Premesso che le liriche originali che mi sono state donate per Milanabad non sono tutte frutto di rapper, anzi, sono in prevalenza arrivate da cantautori/cantautrici o da rocker, quelli che io ritengo i migliori in circolazione al momento, e premesso che lo scopo di questi insoliti featuring era quello di creare una musicalità, la stessa che io ho cercato nel costruire un libro quasi tutto basato sui dialoghi, tanto per ricreare la musicalità del rap, posso dirti che non credo che il rap sia un genere letterario, come non credo che i testi delle canzoni di chicchessia, da De André a Bob Dylan, siano poesia.
La poesia è un genere letterario, i testi delle canzoni sono appunto testi di canzoni, scritti per essere cantati. Con questo non voglio assolutamente dire che siano minori delle poesie, o viceversa, sono semplicemente altro. Mi sembra, infatti, che nel definire poesie i testi di canzoni, si tenda a volerli elevare, come se le canzoni fossero fratelli minori dei testi poetici tour-court. Non la vedo così, evidentemente.
In Milanabad descrivi una Milano di periferia, poco conosciuta, in cui ragazzi italiani giocano a pallacanestro con coetanei filippini o egiziani e affronti anche il tema dell'integrazione con l'Islam. Secondo te, nonostante il remare contro di certe forze politiche, l'integrazione tra le varie etnie e culture avverrà di fatto sulla strada, grazie alla conoscenza diretta dell'altro, del diverso, oppure si stanno creando anche in Italia tante banlieue pronte a esplodere?
Non credo che in Italia ci sia il rischio Banlieue, perché noi non siamo la Francia, non abbiamo avuto le colonie e l'integrazione sta seguendo strade diverse. L'integrazione, che ovviamente sta incontrando grandi difficoltà, avverrà nelle strade e nelle scuole, dove le nuove generazioni si imparano a conoscere.
Chiaro, se un bambino sente in casa i genitori parlare degli stranieri in modo ostile avrà problemi a interagire con i suoi coetanei provenienti da altri posti, ma conto molto sulla saggezza dei più piccoli. Che io sappia, infatti, bambini leghisti ancora non ce ne sono.
Sei uno scrittore molto prolifico. Pubblichi almeno quattro-cinque libri l'anno senza contare gli altri tuoi impegni. Come riesci a farti bastare ventiquattro ore al giorno? Puoi raccontarci una tua giornata tipo? E qual è il tuo metodo di lavoro?

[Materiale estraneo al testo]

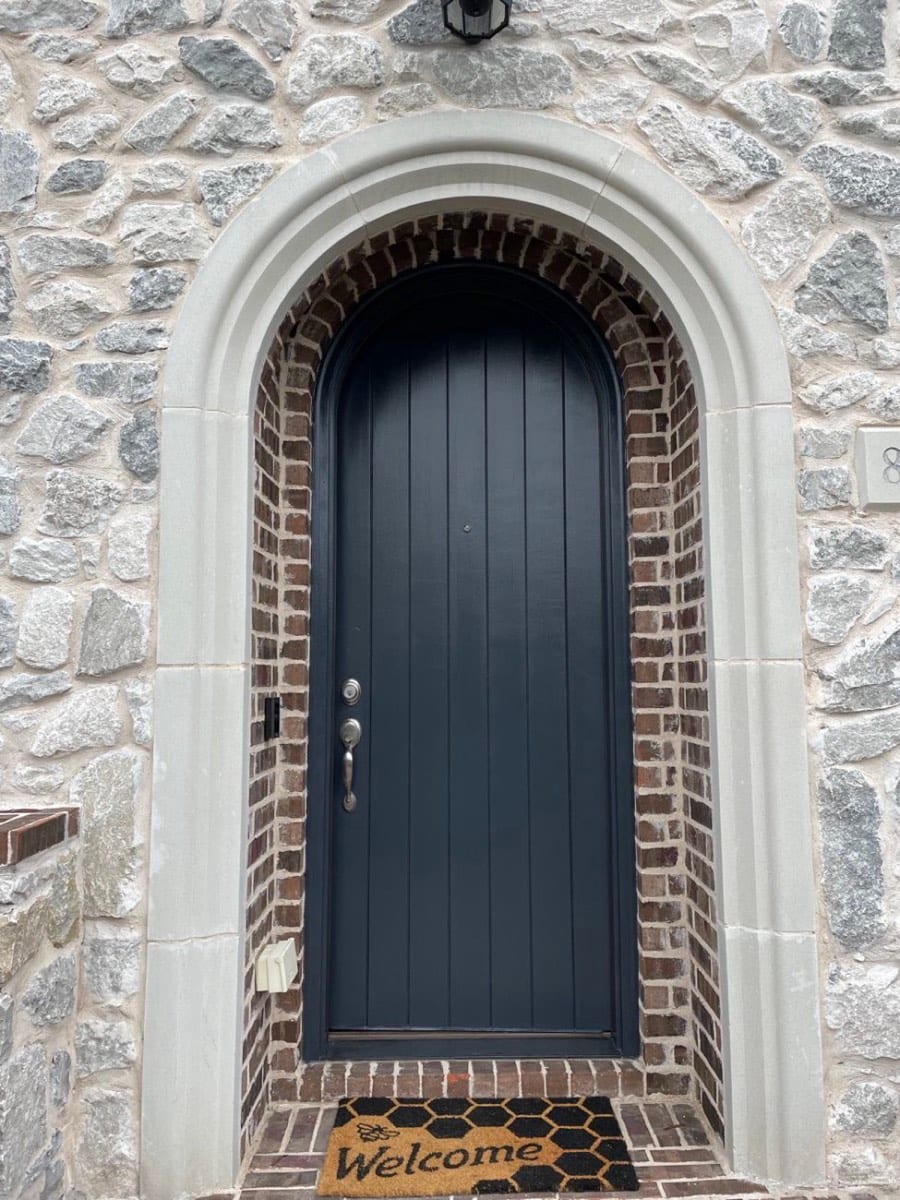Arched front door refinished by Patch Plus Paint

Io vivo di scrittura. Anzi, credo di essere uno dei pochi scrittori italiani a fare questo di lavoro. Quindi la mia giornata ruota tutta intorno alla scrittura. Sempre. E per scrittura, ovviamente, intendo non solo l'atto pratico di mettermi davanti al PC a scrivere, ma anche quello di pensare a cosa devo scrivere e di studiare l'argomento di cui andrò a scrivere.
In media lavoro sulle dieci ore al giorno nei cinque giorni lavorativi canonici, e diciamo sulle cinque ore al giorno nei week-end. Concedendomi, vivaddio, delle giornate di vacanze.

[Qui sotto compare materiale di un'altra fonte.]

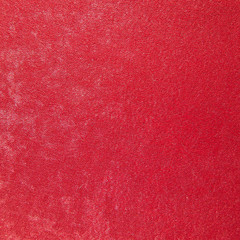 The texture of the velvet fabric red color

Comincio a lavorare verso le 7 e 30, prima di accompagnare a scuola i miei figli, e poi riprendo in maniera più organizzata dalle nove fino a
lle 13. Poi riprendo verso le 14 e finisco verso le 20, con delle pause nel mezzo.
Lavoro a tre, quattro libri alla volta, scrivendone uno e al tempo stesso iniziando a imbastire gli altri. Così posso tenere i ritmi che, vedo, tendono a creare meraviglia negli altri. Dodici libri in dodici mesi, come mi è successo da ottobre dell'anno scorso, quando è uscito il mio “Vale va ancora veloce” a oggi, con l'uscita di “Cantami o diva”, sono tanti, ma lavorando sodo si può.